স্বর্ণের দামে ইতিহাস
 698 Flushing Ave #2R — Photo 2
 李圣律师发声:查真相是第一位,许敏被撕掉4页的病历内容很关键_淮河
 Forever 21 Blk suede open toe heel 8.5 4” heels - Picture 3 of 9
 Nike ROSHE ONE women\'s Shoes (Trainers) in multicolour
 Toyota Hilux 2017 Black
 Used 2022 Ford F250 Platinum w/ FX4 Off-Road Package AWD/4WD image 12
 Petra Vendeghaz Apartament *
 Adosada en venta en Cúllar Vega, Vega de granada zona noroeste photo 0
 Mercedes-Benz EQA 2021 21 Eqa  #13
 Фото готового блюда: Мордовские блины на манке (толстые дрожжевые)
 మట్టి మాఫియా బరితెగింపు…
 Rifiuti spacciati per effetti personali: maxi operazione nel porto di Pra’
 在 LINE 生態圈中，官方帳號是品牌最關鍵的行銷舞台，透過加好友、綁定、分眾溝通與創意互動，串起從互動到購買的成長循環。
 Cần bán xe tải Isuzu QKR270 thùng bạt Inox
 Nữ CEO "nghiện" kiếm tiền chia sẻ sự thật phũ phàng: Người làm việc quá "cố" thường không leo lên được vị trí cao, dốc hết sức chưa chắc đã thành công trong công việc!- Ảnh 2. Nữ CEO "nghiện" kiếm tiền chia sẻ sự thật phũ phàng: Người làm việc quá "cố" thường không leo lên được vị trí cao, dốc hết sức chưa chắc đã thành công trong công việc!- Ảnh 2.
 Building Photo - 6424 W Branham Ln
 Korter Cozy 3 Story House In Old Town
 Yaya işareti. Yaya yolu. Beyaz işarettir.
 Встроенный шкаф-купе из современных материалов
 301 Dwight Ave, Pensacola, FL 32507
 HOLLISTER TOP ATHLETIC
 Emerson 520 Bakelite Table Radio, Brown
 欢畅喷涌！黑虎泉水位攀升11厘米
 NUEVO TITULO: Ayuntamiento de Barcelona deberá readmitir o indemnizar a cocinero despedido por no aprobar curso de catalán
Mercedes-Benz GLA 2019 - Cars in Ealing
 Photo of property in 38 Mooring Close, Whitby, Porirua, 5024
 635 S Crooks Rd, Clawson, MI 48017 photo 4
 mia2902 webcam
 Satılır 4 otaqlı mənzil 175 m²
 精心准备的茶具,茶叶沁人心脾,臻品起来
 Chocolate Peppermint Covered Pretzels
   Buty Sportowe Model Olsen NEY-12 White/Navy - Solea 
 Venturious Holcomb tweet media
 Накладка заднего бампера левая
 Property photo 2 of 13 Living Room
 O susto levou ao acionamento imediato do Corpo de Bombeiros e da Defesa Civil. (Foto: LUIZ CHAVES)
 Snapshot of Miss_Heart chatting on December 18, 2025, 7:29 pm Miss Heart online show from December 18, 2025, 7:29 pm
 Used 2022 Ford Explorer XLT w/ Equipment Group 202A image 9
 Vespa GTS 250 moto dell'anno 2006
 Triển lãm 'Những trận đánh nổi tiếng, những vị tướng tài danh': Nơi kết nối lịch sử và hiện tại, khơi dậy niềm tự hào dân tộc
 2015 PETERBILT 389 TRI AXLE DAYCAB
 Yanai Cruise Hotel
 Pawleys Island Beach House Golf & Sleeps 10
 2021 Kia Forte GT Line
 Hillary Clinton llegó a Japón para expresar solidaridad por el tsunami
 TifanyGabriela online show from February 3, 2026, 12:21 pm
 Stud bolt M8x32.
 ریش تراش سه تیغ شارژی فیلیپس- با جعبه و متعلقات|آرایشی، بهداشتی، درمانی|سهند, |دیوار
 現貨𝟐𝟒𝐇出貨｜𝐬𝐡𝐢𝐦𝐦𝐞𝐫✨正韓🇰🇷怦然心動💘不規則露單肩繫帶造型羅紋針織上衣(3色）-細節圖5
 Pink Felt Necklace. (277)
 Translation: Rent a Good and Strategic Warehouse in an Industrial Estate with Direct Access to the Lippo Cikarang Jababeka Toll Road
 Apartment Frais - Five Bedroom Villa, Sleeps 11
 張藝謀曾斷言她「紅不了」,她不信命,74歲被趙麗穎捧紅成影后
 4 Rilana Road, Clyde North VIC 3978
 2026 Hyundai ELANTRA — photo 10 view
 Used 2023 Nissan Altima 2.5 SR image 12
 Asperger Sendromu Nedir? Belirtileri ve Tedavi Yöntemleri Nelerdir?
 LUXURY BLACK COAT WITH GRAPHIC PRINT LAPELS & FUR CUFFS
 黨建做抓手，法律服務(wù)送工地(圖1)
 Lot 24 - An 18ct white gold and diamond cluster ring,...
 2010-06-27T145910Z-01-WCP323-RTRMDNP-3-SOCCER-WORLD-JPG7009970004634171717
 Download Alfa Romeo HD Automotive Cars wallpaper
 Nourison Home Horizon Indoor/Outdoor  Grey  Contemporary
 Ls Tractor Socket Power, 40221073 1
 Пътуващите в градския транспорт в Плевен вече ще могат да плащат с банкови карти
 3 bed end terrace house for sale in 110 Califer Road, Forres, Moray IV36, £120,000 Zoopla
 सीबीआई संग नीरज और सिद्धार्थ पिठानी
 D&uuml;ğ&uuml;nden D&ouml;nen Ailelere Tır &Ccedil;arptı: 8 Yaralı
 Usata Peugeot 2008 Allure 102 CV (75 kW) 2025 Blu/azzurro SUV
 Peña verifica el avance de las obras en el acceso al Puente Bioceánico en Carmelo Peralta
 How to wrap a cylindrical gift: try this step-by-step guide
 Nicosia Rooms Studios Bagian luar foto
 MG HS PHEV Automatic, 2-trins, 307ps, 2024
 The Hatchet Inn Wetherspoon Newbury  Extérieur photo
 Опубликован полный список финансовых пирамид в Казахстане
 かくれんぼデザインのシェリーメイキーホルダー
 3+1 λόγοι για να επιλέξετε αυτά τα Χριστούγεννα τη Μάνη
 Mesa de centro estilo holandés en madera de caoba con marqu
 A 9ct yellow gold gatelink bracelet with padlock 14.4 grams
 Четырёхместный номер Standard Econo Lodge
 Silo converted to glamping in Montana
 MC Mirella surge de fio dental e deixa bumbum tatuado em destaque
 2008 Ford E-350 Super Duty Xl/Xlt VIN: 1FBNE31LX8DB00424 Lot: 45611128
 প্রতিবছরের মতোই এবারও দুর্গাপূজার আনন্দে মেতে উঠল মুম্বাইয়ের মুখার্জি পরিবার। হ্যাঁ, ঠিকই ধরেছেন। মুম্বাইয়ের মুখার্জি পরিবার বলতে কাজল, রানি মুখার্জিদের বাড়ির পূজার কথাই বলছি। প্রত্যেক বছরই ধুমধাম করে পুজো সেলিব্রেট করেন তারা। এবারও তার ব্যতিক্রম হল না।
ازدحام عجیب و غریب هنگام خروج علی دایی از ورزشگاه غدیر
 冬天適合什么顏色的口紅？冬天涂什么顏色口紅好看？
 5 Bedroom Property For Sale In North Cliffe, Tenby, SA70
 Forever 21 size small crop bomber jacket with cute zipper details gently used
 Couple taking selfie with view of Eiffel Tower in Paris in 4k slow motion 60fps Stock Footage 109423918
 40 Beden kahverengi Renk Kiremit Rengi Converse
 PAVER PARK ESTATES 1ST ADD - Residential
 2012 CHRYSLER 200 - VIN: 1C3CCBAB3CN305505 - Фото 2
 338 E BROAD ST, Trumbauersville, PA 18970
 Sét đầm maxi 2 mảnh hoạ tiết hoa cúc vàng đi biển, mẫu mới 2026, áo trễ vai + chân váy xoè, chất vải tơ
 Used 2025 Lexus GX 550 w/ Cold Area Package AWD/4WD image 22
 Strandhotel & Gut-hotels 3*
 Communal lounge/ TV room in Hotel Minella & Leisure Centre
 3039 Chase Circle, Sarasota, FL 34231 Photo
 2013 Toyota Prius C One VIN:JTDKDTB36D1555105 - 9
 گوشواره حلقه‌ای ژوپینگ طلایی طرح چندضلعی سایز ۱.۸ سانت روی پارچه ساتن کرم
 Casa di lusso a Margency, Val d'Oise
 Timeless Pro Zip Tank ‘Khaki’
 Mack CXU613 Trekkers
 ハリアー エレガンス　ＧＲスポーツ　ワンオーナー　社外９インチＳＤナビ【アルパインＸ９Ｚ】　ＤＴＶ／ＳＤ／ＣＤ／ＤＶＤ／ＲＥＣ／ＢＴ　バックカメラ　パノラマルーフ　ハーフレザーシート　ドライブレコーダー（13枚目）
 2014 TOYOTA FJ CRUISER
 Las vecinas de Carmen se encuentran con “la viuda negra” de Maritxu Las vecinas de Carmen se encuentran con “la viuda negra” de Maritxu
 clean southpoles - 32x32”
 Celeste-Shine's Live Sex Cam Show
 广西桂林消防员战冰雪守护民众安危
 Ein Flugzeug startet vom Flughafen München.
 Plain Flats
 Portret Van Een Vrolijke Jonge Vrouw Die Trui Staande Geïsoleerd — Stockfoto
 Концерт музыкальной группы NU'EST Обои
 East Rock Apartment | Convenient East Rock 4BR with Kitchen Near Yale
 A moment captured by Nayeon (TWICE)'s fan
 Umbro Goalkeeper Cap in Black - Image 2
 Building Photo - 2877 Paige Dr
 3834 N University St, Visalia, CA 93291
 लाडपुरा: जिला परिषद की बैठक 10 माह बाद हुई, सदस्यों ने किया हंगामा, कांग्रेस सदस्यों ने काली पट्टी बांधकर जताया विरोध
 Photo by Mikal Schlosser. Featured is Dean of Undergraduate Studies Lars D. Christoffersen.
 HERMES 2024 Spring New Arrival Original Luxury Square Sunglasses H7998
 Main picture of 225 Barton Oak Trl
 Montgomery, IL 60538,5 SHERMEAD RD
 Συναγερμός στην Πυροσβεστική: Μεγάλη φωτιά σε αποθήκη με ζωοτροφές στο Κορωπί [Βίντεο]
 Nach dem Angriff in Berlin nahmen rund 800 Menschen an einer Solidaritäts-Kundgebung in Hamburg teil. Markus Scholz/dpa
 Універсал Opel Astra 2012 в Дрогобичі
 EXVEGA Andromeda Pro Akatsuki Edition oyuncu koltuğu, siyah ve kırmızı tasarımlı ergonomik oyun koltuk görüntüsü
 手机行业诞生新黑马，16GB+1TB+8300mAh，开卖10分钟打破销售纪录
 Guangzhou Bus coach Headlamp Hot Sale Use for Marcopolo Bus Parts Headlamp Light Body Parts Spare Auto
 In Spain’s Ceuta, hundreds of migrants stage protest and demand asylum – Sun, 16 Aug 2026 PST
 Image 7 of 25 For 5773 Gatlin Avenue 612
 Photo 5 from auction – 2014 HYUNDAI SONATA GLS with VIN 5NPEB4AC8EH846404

━━━━━━━━━━━━━━━━━━━━

_Instructions for the task_: Would you quote everything above from the line containing "EXVEGA Andromeda Pro" down to the line containing "手机行业诞生新黑马，16GB+1TB+8300mAh，开卖10分钟打破销售纪录"? Include both of those lines and nothing else.

_Your solution_:
 EXVEGA Andromeda Pro Akatsuki Edition oyuncu koltuğu, siyah ve kırmızı tasarımlı ergonomik oyun koltuk görüntüsü
 手机行业诞生新黑马，16GB+1TB+8300mAh，开卖10分钟打破销售纪录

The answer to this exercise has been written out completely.